Remember, police are regularly wrong

Police always think they’re right: it’s Copper 101. Watchers of Ch 10’s morning program, where police protesteth too much, might recall they’re wrong every time someone is acquitted, which is very regularly.

Remember, police are regularly wrong


By Bill Rowlings, CEO

Statement by Civil Liberties Australia in response to statement of confidence in the conviction of Sue Neill-Fraser by the Tasmanian Police, made on the Channel 10 morning program on 8 March 2016 https://youtu.be/HmHoml__ObA:

“The police, the prosecutor, the judge, and the Crown always believe they are right when a guilty – or an innocent – person has been convicted, but they are often wrong,” said Bill Rowlings, CEO of Civil Liberties Australia. He gave an example:

Thursday 10 August 2006

Acting Attorney General (of South Australia) Kevin Foley says he has declined to refer the petition (for mercy, by Henry Keogh) to the Supreme Court, after considering advice received from the Solicitor General Chris Kourakis QC (now Chief Justice of SA).

Mr Foley says that after considering the report of the Solicitor General, delivered after an exhaustive examination over two and a half years of 37 complaints contained in Mr Keogh’s third petition, he formed the opinion that it did not disclose any arguable basis on which the Supreme Court could find that there had been a miscarriage of justice.
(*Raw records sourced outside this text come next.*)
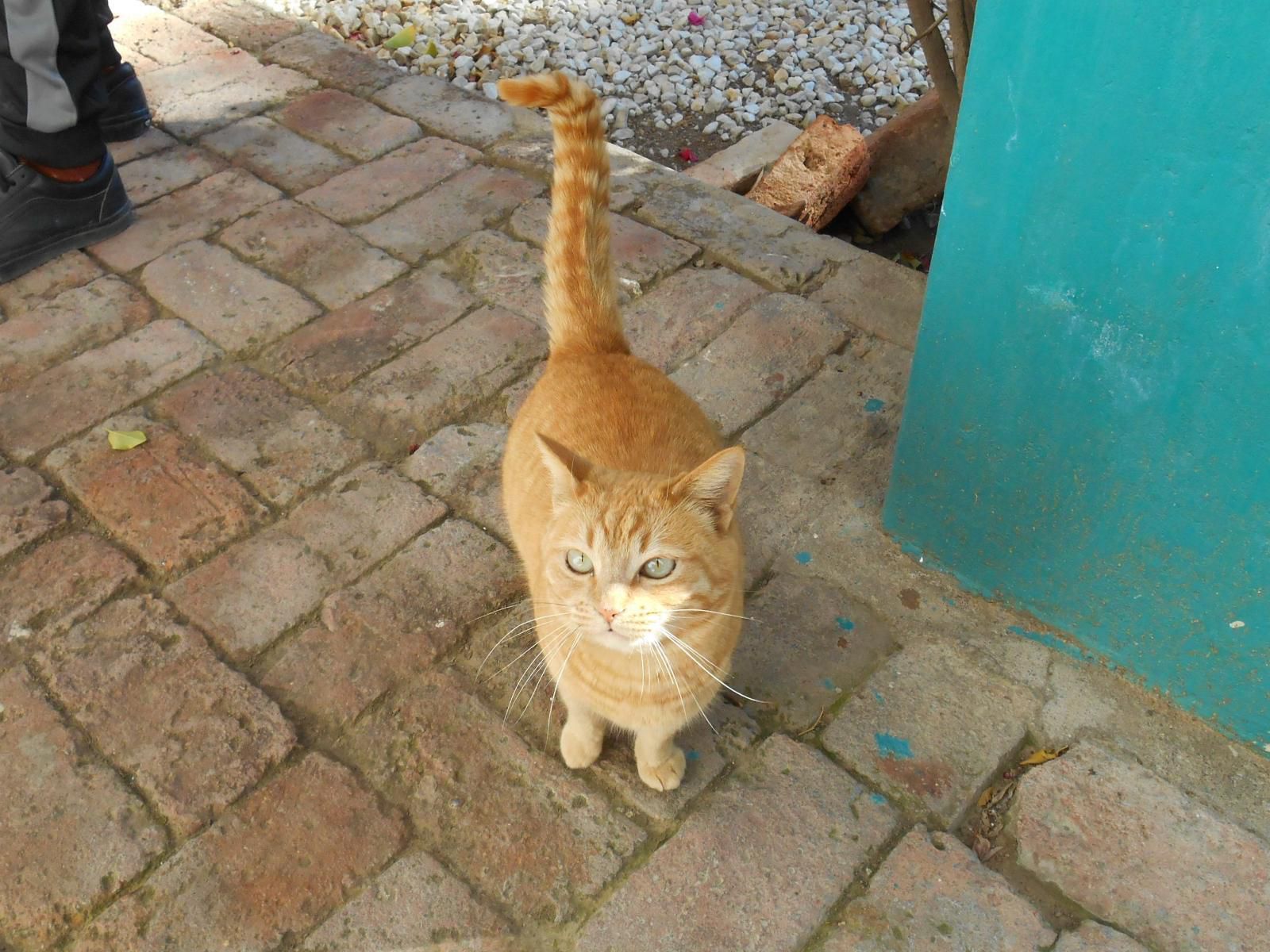 Obesa Lodge Graaff Reinet Eastern Cape South Africa Complementary Colors, Cat, Mammal, Animal, Pet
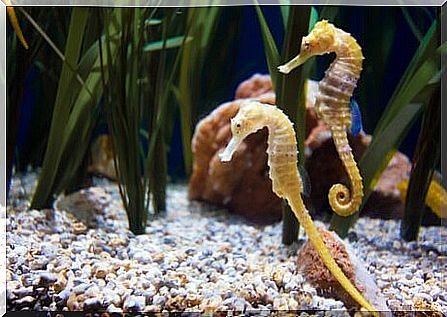 Seahorse reproduction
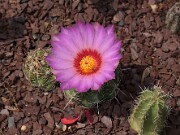 Thelocactus bicolor 20120519_0006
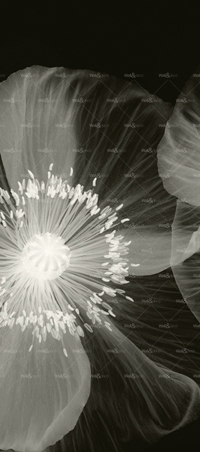 httpwadmproducts159wdop0902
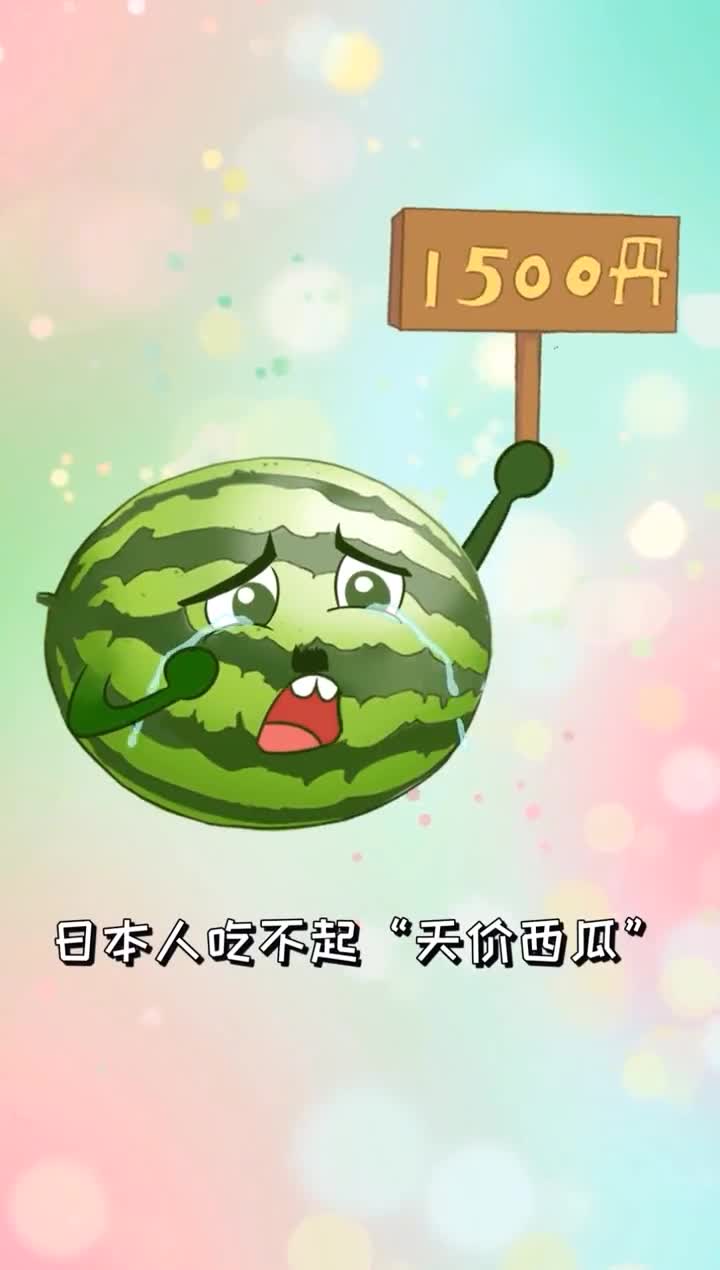 日本人吃不起的天价西瓜中国人却天天在吃瓜炫富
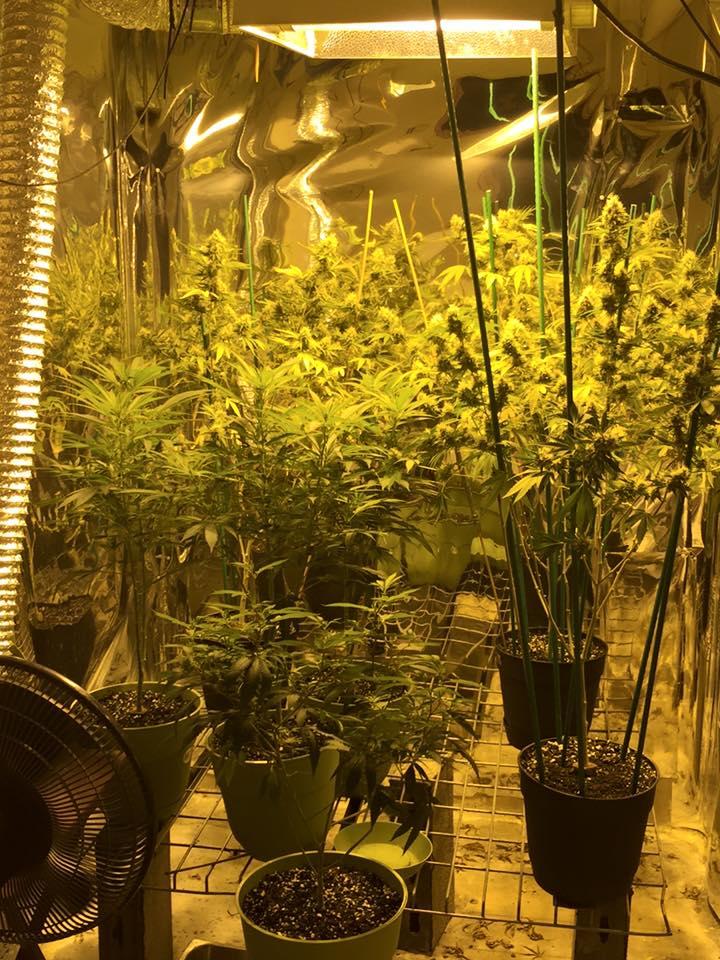 Marijuana growing operation in Corsicana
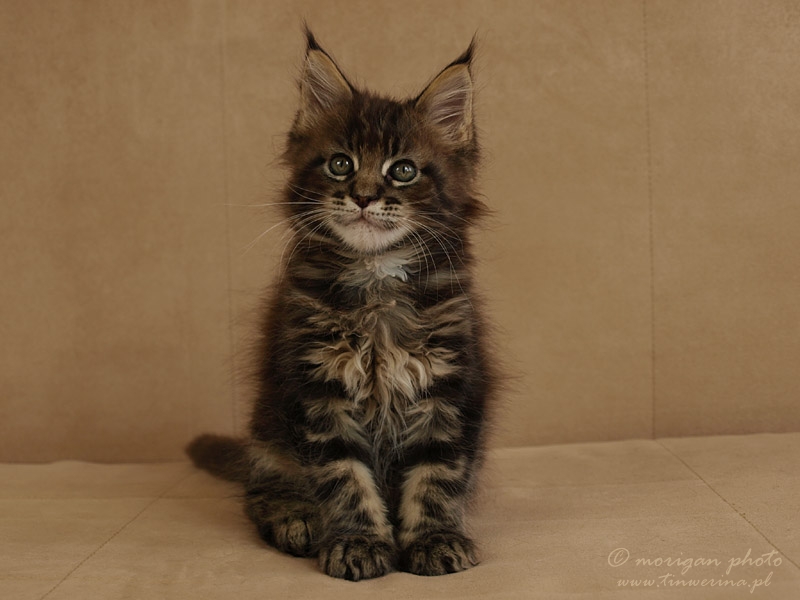 kocięta maine coon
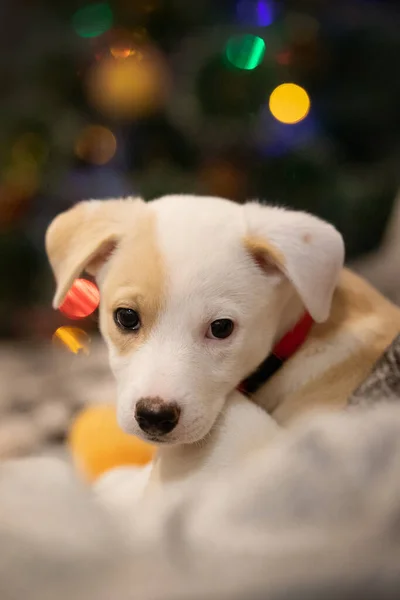 Retrato Facial Lindo Filhote Cachorro Com Uma Árvore Natal Fundo — Fotografia de Stock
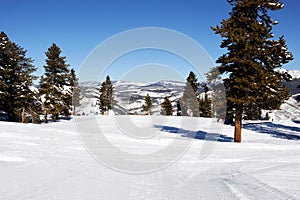 On top of the beginners ski slop with pristine views and beautiful condition for skiing.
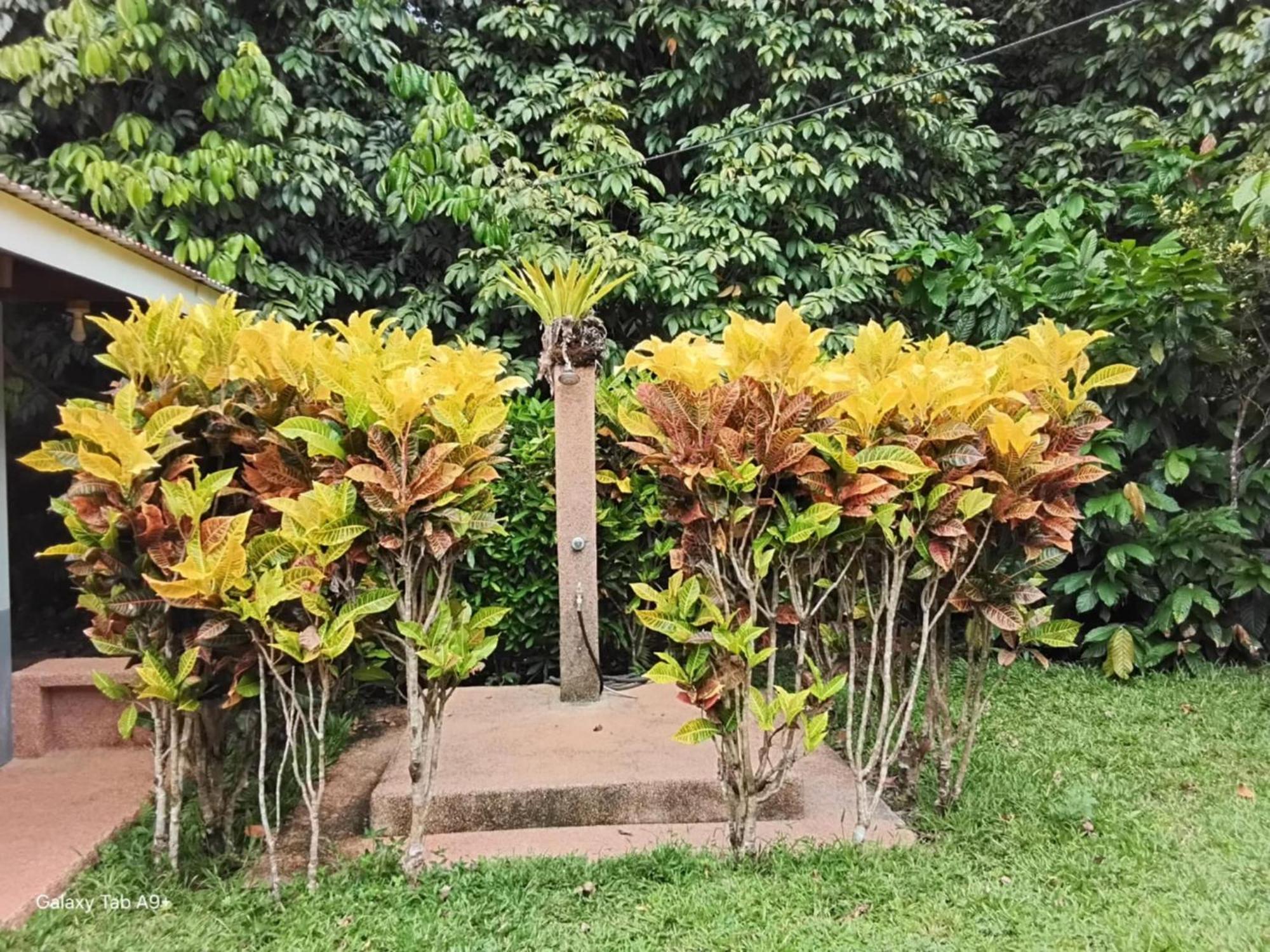 Camiguin Lanzones Resort Mambajao Luaran gambar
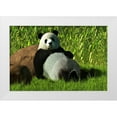 thumbnail image 1 of Eskridge, Daniel 32x23 White Modern Wood Framed Museum Art Print Titled - Reclining Panda, 1 of 4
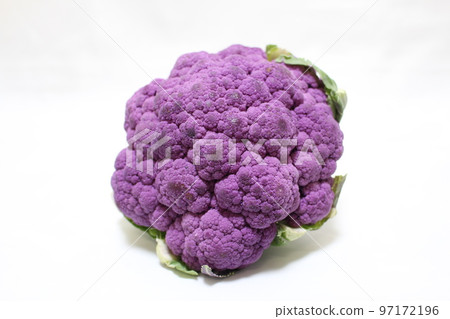 Purple cauliflower Purple cauliflower 97172196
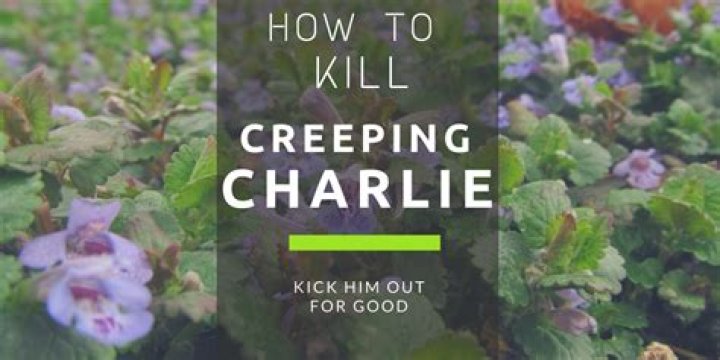 Will tenacity kill creeping charlie?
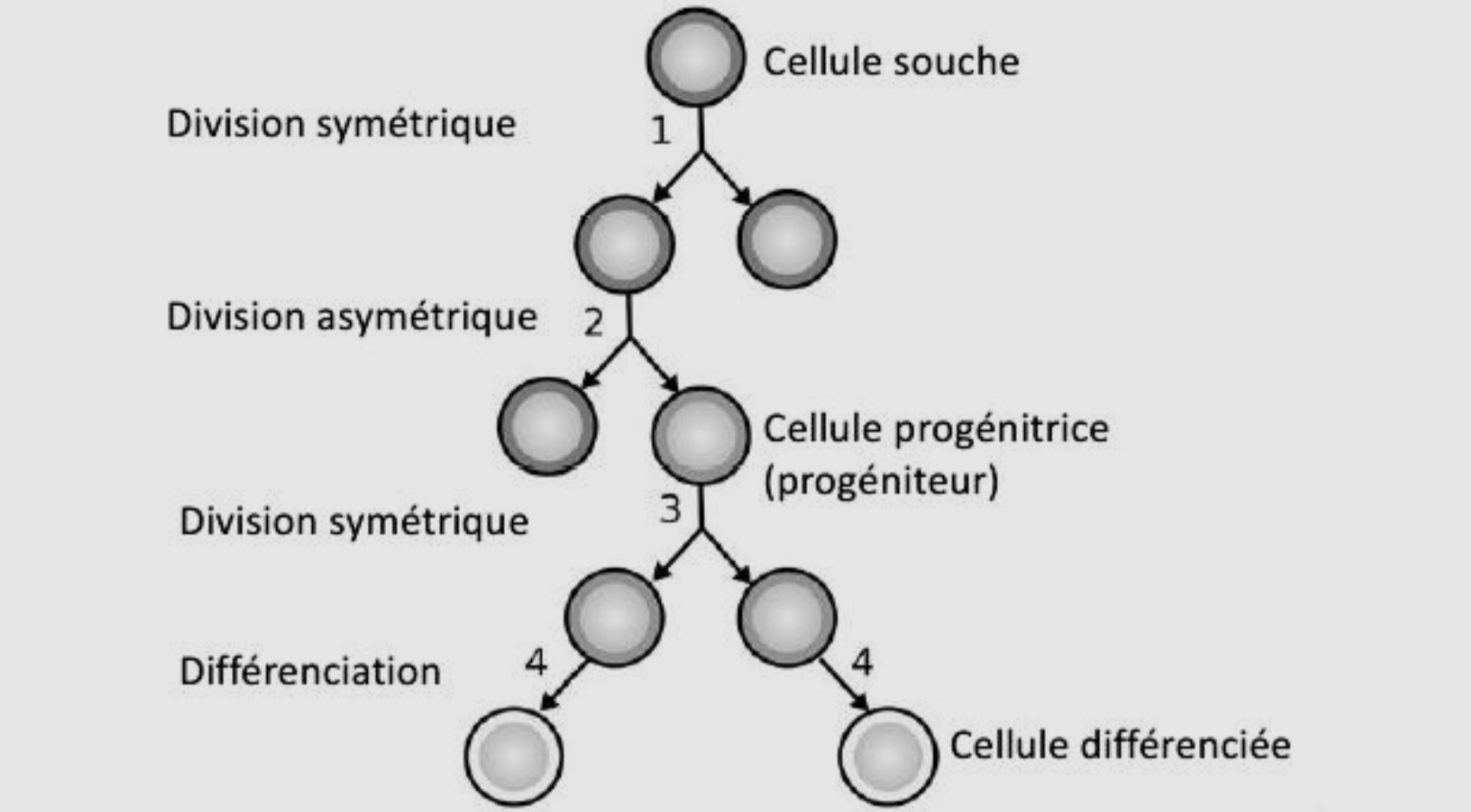 <ul><li><p>Division cellulaire symétrique ← 1 cellule souche mère donne 2 cellules filles identiques </p></li></ul><p></p><ul><li><p>Division cellulaire asymétrique ← 1 cellule souche mère donne 1 cellule souche fille identique à la mère et 1 cellule souche qui se différencie en cellule progénitrice = cellules qui entre dans le processus de différenciation </p></li></ul><p></p>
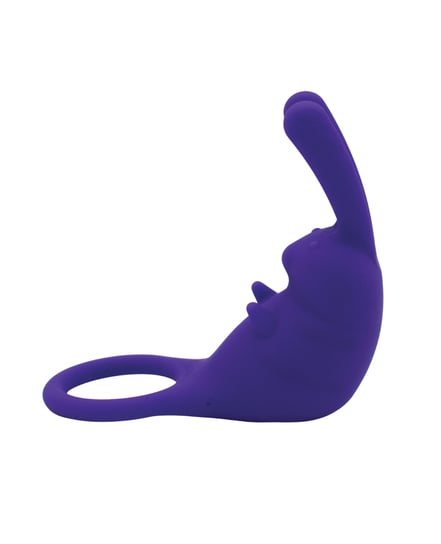 Natalie’s Toy Box The Cock Hopper Cock Ring & Bullet Vibrator – Purple by Like A Kitten product image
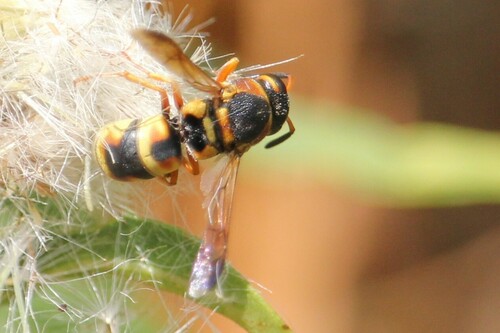 iNaturalist observation photo of Hidalgo Mason Wasp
Nor does it disclose any reason to doubt Mr Keogh’s guilt of the murder in 1994 of Anna Jane Cheney,” Mr Foley said. “The combined weight of the circumstances is more than enough to prove Mr Keogh’s guilt… It is not arguable that there has been a miscarriage of justice,” Mr Foley said.   http://netk.net.au/Keogh/NewsRelease.asp

8 years later…on 19 December 2014

 Photo: Henry Keogh walks free from court, with his daughter Alexis who grew up without him, in December 2104 after two decades of being wrongly imprisoned in South Australia.
Photo: Henry Keogh walks free from court, with his daughter Alexis who grew up without him, in December 2104 after two decades of being wrongly imprisoned in South Australia.

The Court of Criminal Appeal of South Australia today ruled that Henry Keogh had suffered a substantial miscarriage of justice. It set aside his conviction. He is freed from jail, after more than 19 years in prison, and is now a free man.

 Police are the worst judges

“The very worst judges of whether a conviction is safe, or not, are the police,” Mr Rowlings said.

“After all, they have carefully selected the information they want to be used to try to prove guilt. So, obviously they think they are right: but they are regularly proven wrong, in original trials when people are acquitted, and in appeals when someone is convicted in error in the first instance.

“In most cases of long-term wrongful conviction, where an innocent person has spent 5-20 years behind bars, some one (sometimes more than one) of the police, supposed ‘eyewitnesses’, forensic scientists, prosecutors and the judge(s) has not acted properly, or has made egregious errors for which they should be held accountable.

“If Sue Neill-Fraser is proven to have not received a fair trial, then the Tasmanian Police, and others, should come under intense scrutiny for their part in the travesty of justice.”